_Task brief:_ The entries below contain a line with "Artificial flower wisteria" and a line with "Illustration of a". Quote exactly those two lines and all lines between them.

_Given records:_
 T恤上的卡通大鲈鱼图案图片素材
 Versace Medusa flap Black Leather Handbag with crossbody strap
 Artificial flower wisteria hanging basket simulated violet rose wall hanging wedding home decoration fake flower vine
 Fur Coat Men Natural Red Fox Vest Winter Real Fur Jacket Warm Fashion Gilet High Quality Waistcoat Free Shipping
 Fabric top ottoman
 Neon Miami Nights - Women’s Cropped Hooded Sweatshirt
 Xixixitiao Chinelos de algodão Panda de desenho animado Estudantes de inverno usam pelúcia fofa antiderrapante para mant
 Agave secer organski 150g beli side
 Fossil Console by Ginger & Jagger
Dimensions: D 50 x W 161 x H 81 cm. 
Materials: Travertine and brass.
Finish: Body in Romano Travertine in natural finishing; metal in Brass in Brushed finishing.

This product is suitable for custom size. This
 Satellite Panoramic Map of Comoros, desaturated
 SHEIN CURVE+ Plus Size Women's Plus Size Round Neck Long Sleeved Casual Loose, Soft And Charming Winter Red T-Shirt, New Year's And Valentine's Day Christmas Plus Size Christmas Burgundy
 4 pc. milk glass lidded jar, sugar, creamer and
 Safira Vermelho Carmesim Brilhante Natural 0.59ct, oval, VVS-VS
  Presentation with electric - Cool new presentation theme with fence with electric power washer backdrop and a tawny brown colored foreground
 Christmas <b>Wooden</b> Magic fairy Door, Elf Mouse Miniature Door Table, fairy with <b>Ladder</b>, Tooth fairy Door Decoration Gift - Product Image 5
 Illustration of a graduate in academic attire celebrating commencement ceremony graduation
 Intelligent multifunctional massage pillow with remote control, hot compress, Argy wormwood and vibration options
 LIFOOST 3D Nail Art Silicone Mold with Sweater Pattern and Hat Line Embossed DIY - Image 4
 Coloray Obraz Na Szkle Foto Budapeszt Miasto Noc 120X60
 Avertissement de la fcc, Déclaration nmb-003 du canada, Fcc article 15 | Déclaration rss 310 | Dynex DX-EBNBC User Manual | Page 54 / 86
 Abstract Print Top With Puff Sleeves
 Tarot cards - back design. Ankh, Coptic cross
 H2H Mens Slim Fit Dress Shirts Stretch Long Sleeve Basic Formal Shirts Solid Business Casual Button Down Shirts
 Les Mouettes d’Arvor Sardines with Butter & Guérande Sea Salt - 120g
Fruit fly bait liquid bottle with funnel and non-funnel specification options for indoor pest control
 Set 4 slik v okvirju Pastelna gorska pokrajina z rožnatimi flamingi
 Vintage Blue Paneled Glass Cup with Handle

_Output for this task:_
 Artificial flower wisteria hanging basket simulated violet rose wall hanging wedding home decoration fake flower vine
 Fur Coat Men Natural Red Fox Vest Winter Real Fur Jacket Warm Fashion Gilet High Quality Waistcoat Free Shipping
 Fabric top ottoman
 Neon Miami Nights - Women’s Cropped Hooded Sweatshirt
 Xixixitiao Chinelos de algodão Panda de desenho animado Estudantes de inverno usam pelúcia fofa antiderrapante para mant
 Agave secer organski 150g beli side
 Fossil Console by Ginger & Jagger
Dimensions: D 50 x W 161 x H 81 cm. 
Materials: Travertine and brass.
Finish: Body in Romano Travertine in natural finishing; metal in Brass in Brushed finishing.

This product is suitable for custom size. This
 Satellite Panoramic Map of Comoros, desaturated
 SHEIN CURVE+ Plus Size Women's Plus Size Round Neck Long Sleeved Casual Loose, Soft And Charming Winter Red T-Shirt, New Year's And Valentine's Day Christmas Plus Size Christmas Burgundy
 4 pc. milk glass lidded jar, sugar, creamer and
 Safira Vermelho Carmesim Brilhante Natural 0.59ct, oval, VVS-VS
  Presentation with electric - Cool new presentation theme with fence with electric power washer backdrop and a tawny brown colored foreground
 Christmas <b>Wooden</b> Magic fairy Door, Elf Mouse Miniature Door Table, fairy with <b>Ladder</b>, Tooth fairy Door Decoration Gift - Product Image 5
 Illustration of a graduate in academic attire celebrating commencement ceremony graduation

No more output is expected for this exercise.